Itziar estuvo orgullosa de su hijo, el hijo de Itziar, que soportó la picana sin delatar a compañeros, «¿qué te han hecho para estar así?». Siete hombres me golpearon, cuatro veces me sumergieron la cabeza, me colgaron de los pies... recitaba el hijo de Itziar. La dulce Maddi, como dice la canción, le esperaba orgullosa, al pie de la cárcel, para darle dos besos. Miles de hijos y de madres. Unos más fuertes que otros. Todos nuestros.


Hemos contado tantas historias de presos y presas, los hemos evocado en tantos paneles, canciones y recuerdos a lo largo de los años que apenas sí somos capaces de diferenciar si hablamos de nuestros padres o de nuestros abuelos. Siempre hemos sufrido la cárcel. El pueblo vasco es un pueblo con mancha. Una mancha terrible, agónica a veces, una huella identitaria.


Hemos caminado con ellas y ellos, separados por muros mayores que los de la guerra fría. Hemos llegado exhaustos a la puerta para abrirlas al son de fanfarrias y marchas festivas para anunciarnos, en el último suspiro, que la pena se alargaba diez años. Hemos sufrido el acoso, el rechazo y el insulto de quienes en euskara se llaman «zuriak», los esclavos que piensan como el patrón.


Pero nunca los hemos abandonado. Sus hijos son nuestros hijos, sus esperanzas son las nuestras y en cada sueño que con delicadeza ayudamos a tejer, encontramos cientos de manos, millares de dedos aplicados en contar, en recibir si fuera el reparto de un ápice de su encierro.
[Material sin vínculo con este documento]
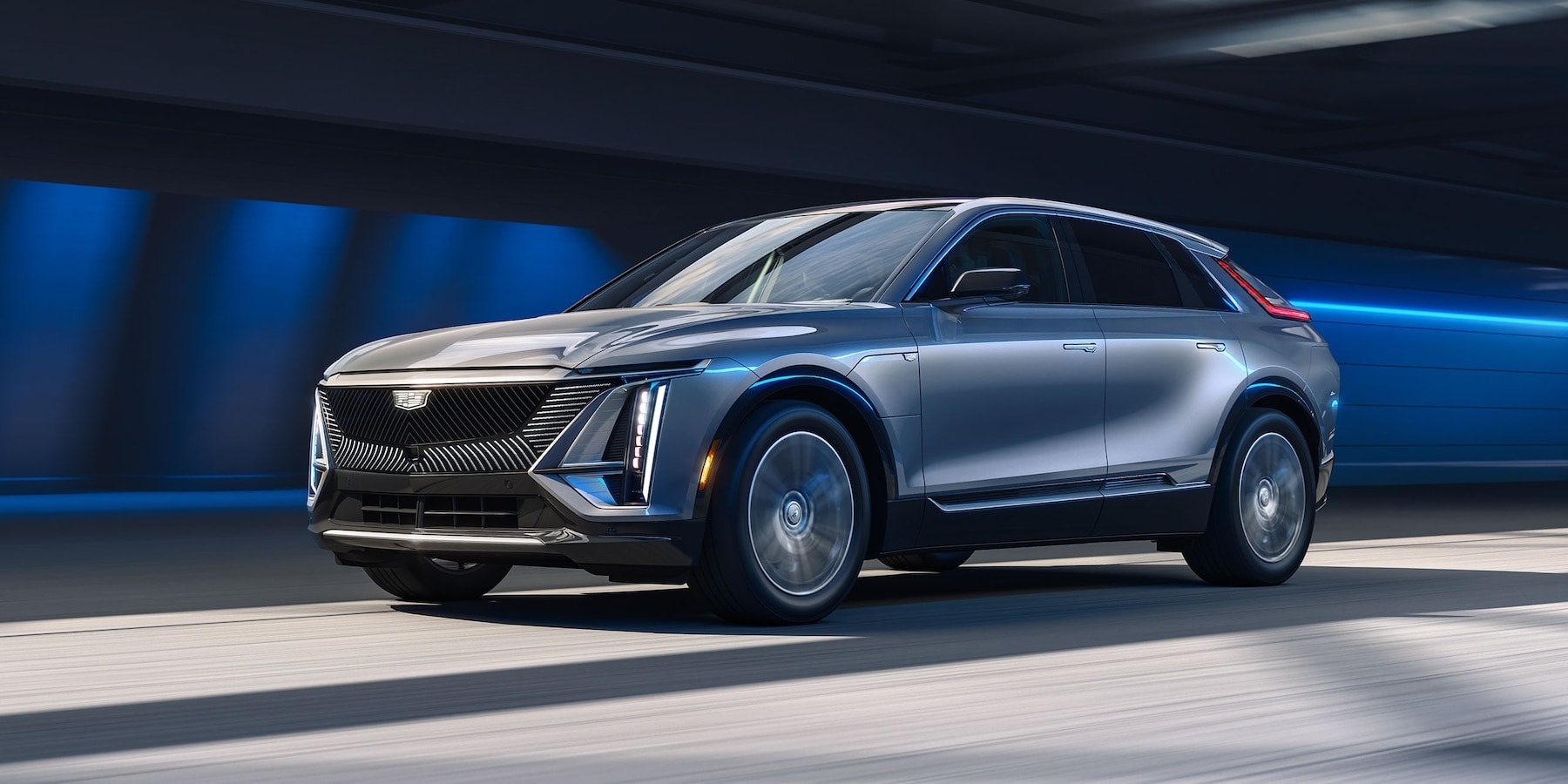 2024 Cadillac LYRIQ Trim Level Comparison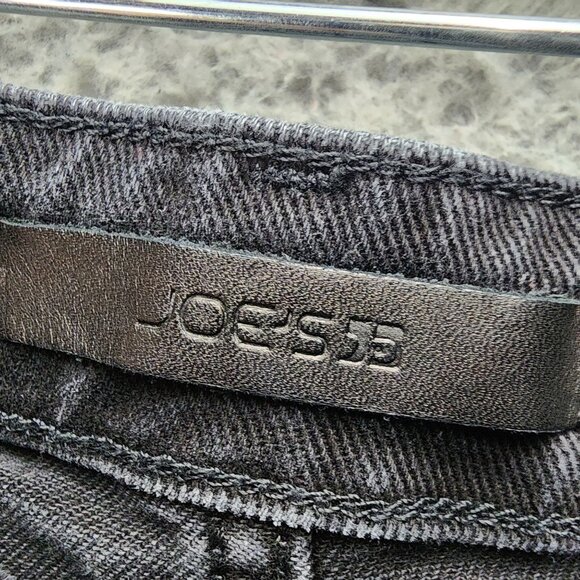 Joe's Jeans Womens 26 The Milla Black Stretch High Rise Straight Ankle *GUC* - Picture 3 of 16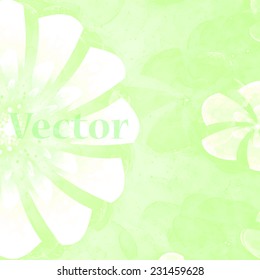 Abstract background with floral shapes. Colorful texture for variety of design usages.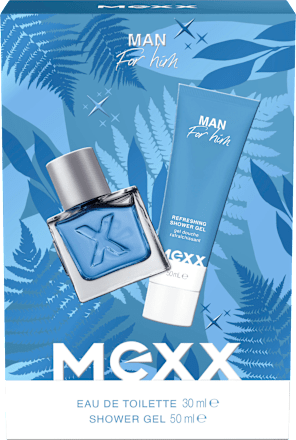 Geschenkset MAN for him 2tlg Mexx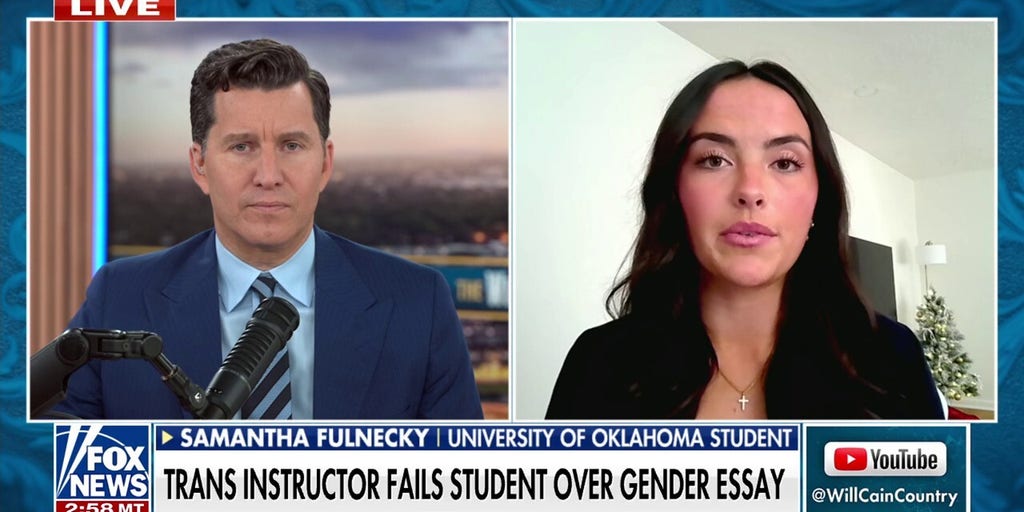 Student flunked by TA says she was ‘just sharing her opinion’ like she was ‘asked to do’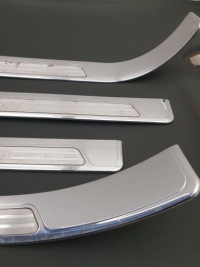 Накладка порог дверь передних комплект bmw 7 e38 8212152 в Украине, фото thumb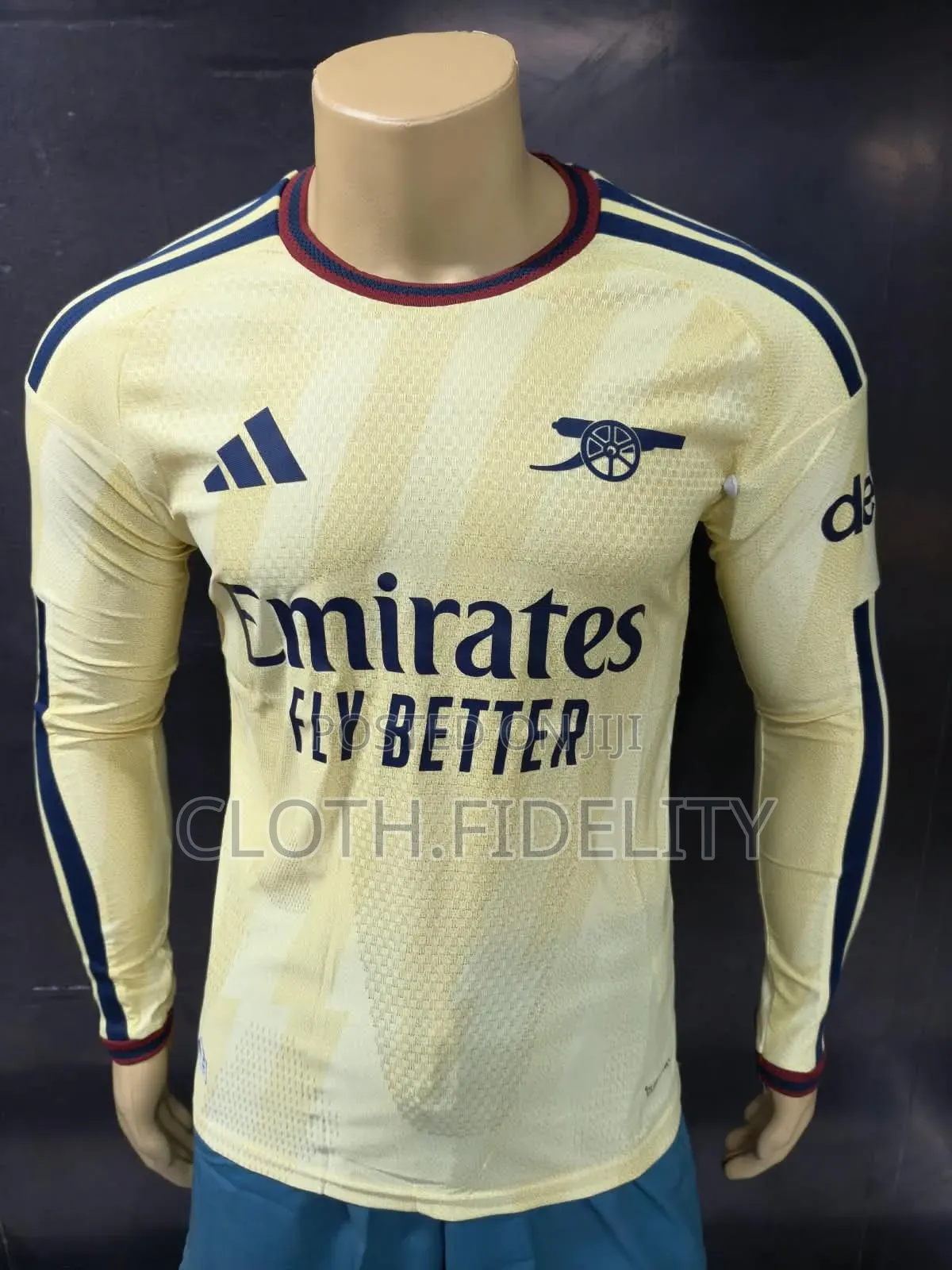 Longsleved Adult Jerseys ( EPL) 26/27
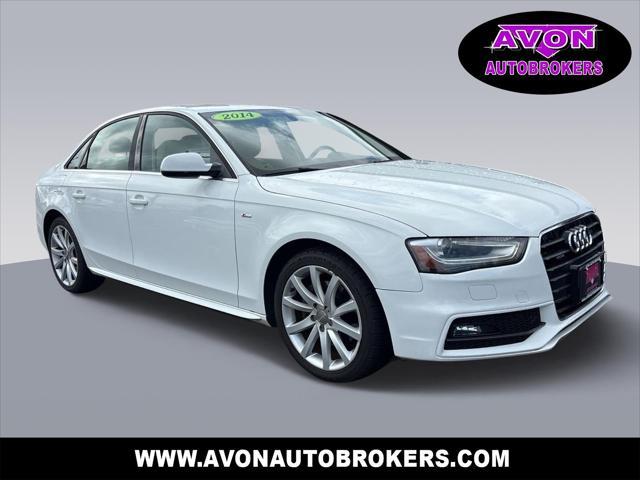 used 2014 Audi A4 car, priced at $12,995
En La Santé, definida como una de las cinco cárceles con peor reputación del mundo, también hay presos vascos: Iñaki, Garikoitz, Iker, Andoni, Josu, Ekaitz. Colchones llenos de piojos, dos duchas de agua fría a la semana, hacinamiento, humillación a las familias. Apollinaire estuvo también en una de sus celdas hace muchísimo tiempo: «Recuerda siempre que te espero».


Hoy tenemos una cita en Bilbo. Recordad que siempre os esperamos. Una cita con ellas y ellos, con los ojos de los pájaros clandestinos de Milay, con los dulces besos de Maddi. Con la ternura de los niños de Aranjuez, pegados a sus madres presas. Con los enlatados en La Santé. Con los escondidos en algún lugar innombrable, con los exiliados en México, con todos ellos. Y ellas. Una cita para abrir las jaulas, para descubrir de nuevo a las quelonias y a los papilios, en medio de sizerines de frente roja.
Una cita, sobre todo, para traerlos a casa. A los huidos. A nuestros presos. Y a nuestras presas.